What to produce:
Set down exactly, from the records below, the line with "Italo Balbo and" through the line with "Ουγγαρία: Εκατοντάδες διαδηλωτές", and nothing else.

The data:
+++

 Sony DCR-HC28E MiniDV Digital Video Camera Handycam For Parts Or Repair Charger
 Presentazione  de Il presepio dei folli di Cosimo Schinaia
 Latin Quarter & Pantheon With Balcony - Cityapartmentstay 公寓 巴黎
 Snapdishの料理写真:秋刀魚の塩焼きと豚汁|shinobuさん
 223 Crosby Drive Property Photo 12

+++

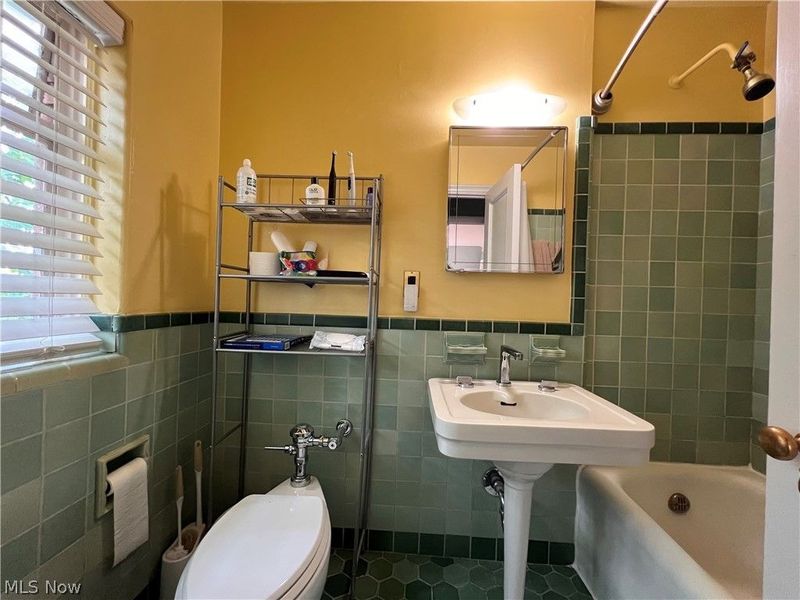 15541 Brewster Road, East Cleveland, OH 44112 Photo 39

+++

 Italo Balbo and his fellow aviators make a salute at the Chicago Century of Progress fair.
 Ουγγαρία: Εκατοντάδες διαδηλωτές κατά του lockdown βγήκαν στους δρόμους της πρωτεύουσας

+++

Answer to the problem:
 Italo Balbo and his fellow aviators make a salute at the Chicago Century of Progress fair.
 Ουγγαρία: Εκατοντάδες διαδηλωτές κατά του lockdown βγήκαν στους δρόμους της πρωτεύουσας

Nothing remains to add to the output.